There’s no optical zoom available here then, as there is on the Pro model, but the Pixel 6’s ‘Super Res Zoom’ does deliver a 7x digital zoom.
Note that digital zoom isn’t as good as optical, since it crops into the image to artificially get you closer to the action, resulting in a slight loss in image quality. As would be expected, the Pixel 6’s zoom capabilities are limited. Don’t expect to get much clarity beyond 2x zoom – for that, opt for the Pixel 6 Pro instead.
The new Motion mode is a mixed bag. It’s possible to achieve some fun imagery out of its two sub-modes, Action Pan and Long Exposure, for photos that capture a still subject with motion around it and blurring light trails, respectively. The former is easier to pull off, although there aren’t any instructions on how you do so; you’ll have to figure it out on your own. As for Night mode, the Pixel 6 improves on its predecessor here, too, producing far less noise when illuminating low-light photos.

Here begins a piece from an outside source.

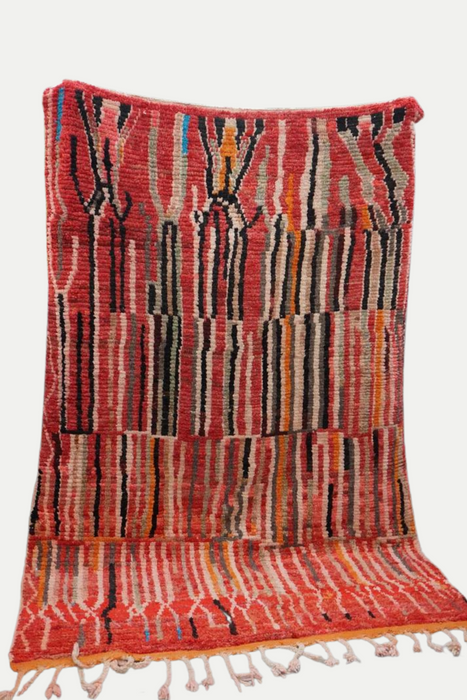 Colorful stripped Moroccan rug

While it's not surprising that the Google Pixel 6 takes great photos given how much its predecessors have been capable of, the Pixel line has been doing wonders with 12MP cameras for years – and we wondered what Google's new phone could do with its 50MP main camera and Tensor chipset.

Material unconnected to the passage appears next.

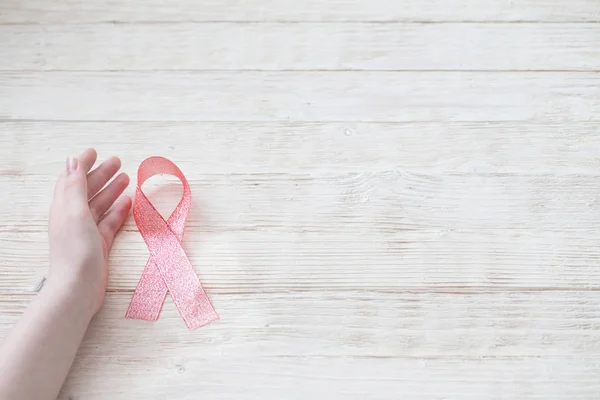 Nastro rosa in mano come simbolo di lotta contro il cancro al seno — Foto Stock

The answer is: a lot. Here's a few samples – note the rich colors adjacent to each other, unlike other phones that flatten patches of color. Also note how clear the sky is captured, which is often a weak point of other phones' cameras.
Here's Portrait mode:
And a low-light photo of a sunset – compare the shadows in the clouds and color gradient on the horizon in the Pixel 6 (first photo) compared to the same details taken by the iPhone 12 Pro (second photo) and Google Pixel 5a (third photo) – the latter of which had the same 12MP main camera and Snapdragon 765G chipset as the company's former flagship Google Pixel 5.
iPhone 12 Pro
And here is Night Mode, capturing a park bench with zero ambient light. While the phone lets you zoom in and shoot in Night Mode, we strongly recommend against it, as all our shots attempting the same were extremely blurry. Note the difference between the Pixel 6 (first photo) and the night modes of the iPhone 12 Pro (second photo) and even the Google Pixel 5a (third photo), which have far more grain:
Google Pixel 6
As far as the new Motion modes, we couldn't get the Long Exposure sub-setting to work, but we had fun with Action Pan, which lets you immobilize a subject and blur the world around them. It works better with subjects bicycling or jogging (first photos) – we struggled to capture a car moseying around a parking lot (second photos). Helpfully, the Pixel 6 also saves static photos of the blurred image, making for great compare and contrasts here:
Finally, here are a pair of selfies. Note that the Pixel 6 Pro's front-facing camera does have a wider field of view than the Pixel 6's selfie shooter, allowing you to get more friends in for group shots. But the latter does just fine, with good sky detail in the regular shot, which is something nearly every phone's front-facing camera struggles with. The Portrait mode shot doesn't have much sky detail, but that's not really needed in a depth shot anyway:
The Google Pixel 6’s specs were another great mystery: just how good would the Google-designed Tensor chipset be? While benchmarks don’t see the phone outperforming any leading flagships to any great extent, the phone does have enough power to run smoothly and take great photos.
The Pixel 6’s other key specs are respectable, with 8GB of RAM and either 128GB or 256GB of storage. As noted before, it’s only the 128GB model that comes in the Kind Coral hue.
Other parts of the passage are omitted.